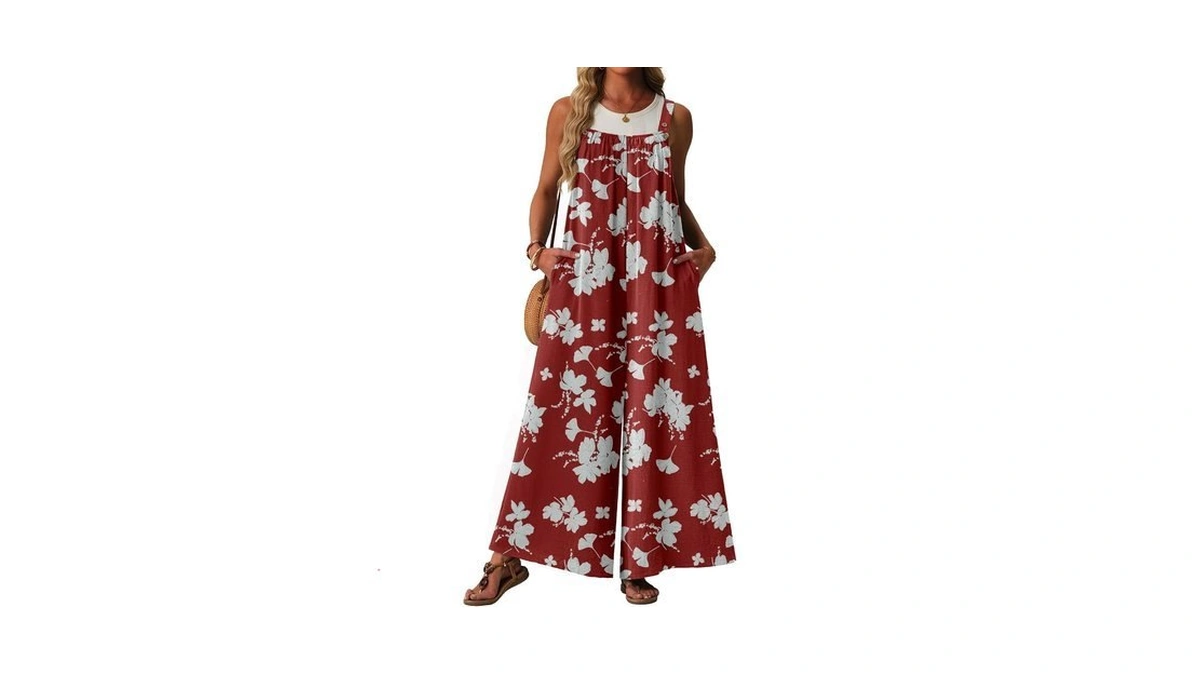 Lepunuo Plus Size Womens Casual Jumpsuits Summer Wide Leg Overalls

------

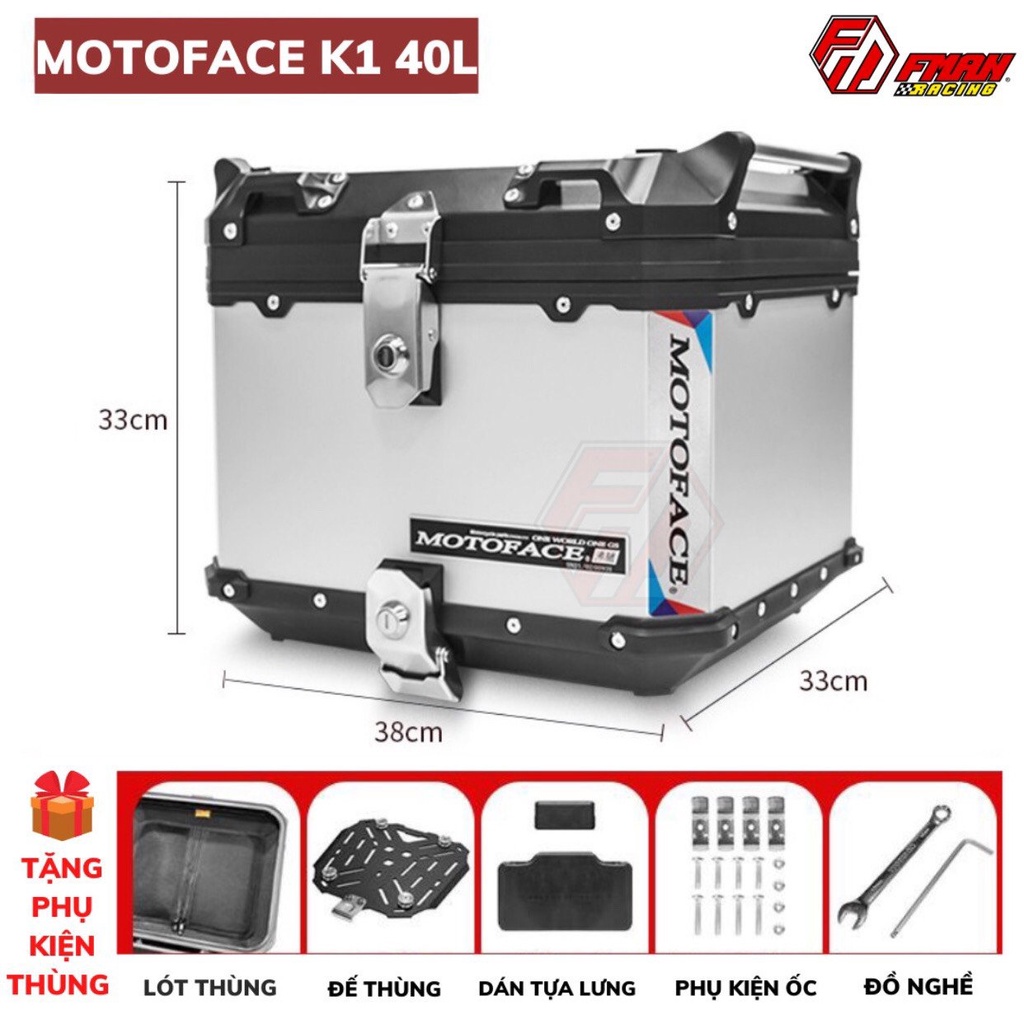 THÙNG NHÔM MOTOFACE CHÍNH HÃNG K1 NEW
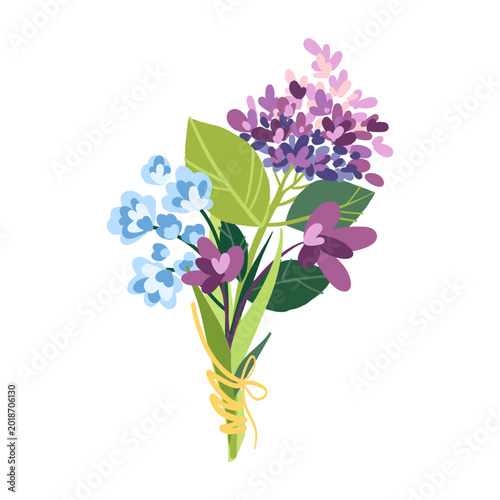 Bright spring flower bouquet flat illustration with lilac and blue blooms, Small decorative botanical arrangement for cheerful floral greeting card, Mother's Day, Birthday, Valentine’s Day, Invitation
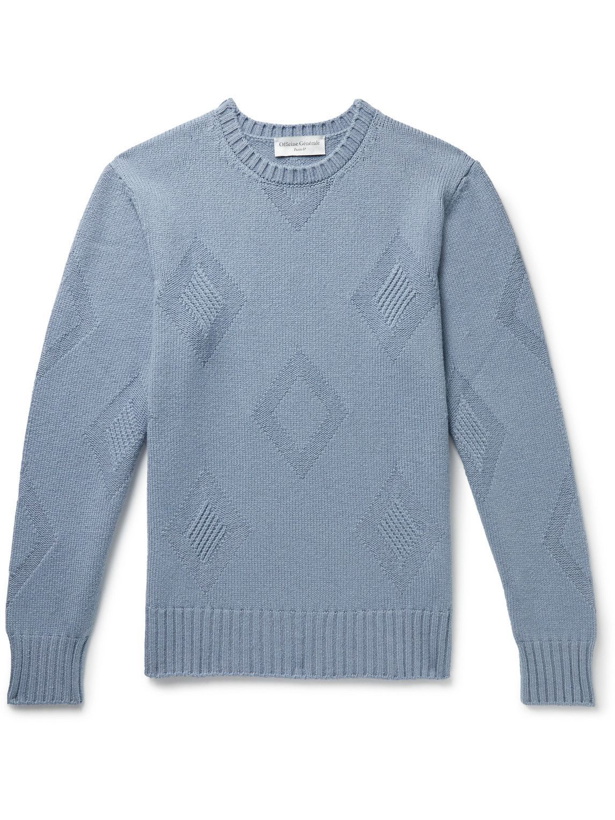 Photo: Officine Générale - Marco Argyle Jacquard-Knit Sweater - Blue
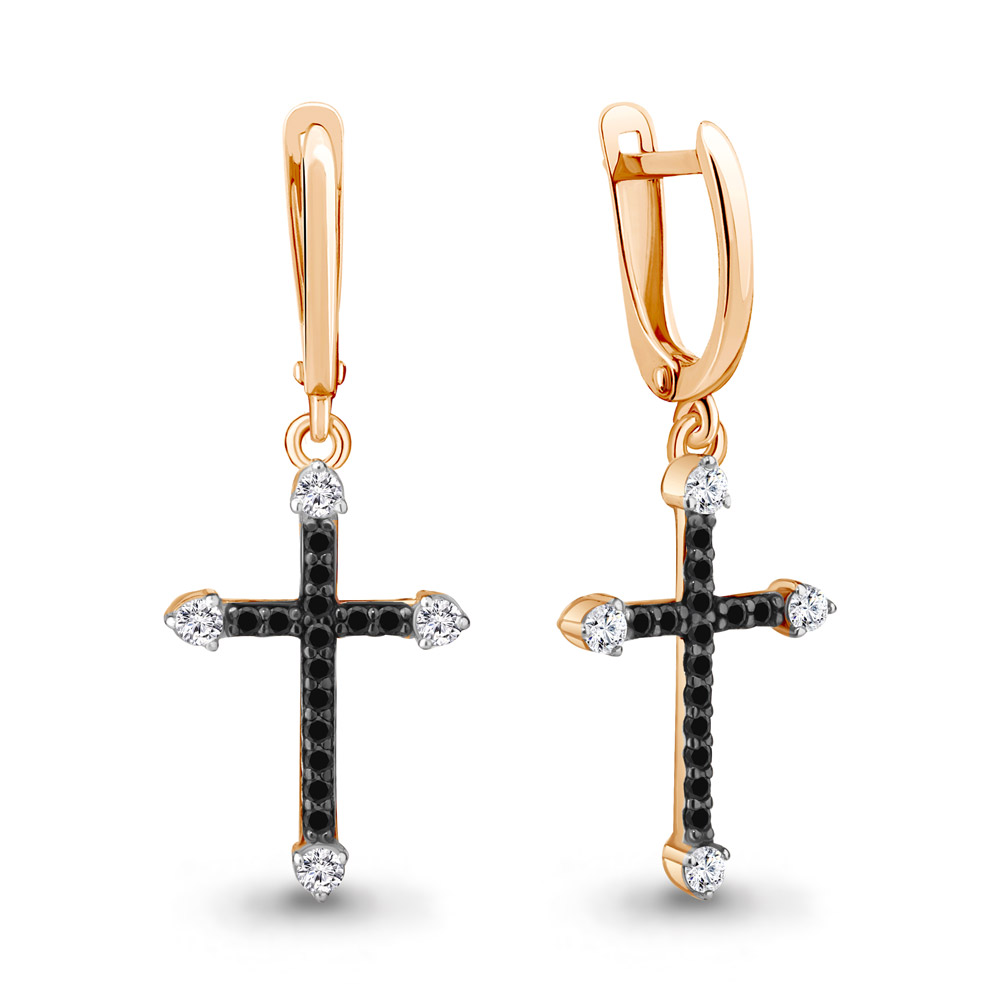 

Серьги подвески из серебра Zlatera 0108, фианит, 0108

------

> _Exercise directions_: In the records above, find the line containing "Photo: Officine Générale" and the line containing "Серьги подвески из", then give both of them again word for word along with every line between. Omit any pictures.

> _Answer section_:
 Photo: Officine Générale - Marco Argyle Jacquard-Knit Sweater - Blue

Серьги подвески из серебра Zlatera 0108, фианит, 0108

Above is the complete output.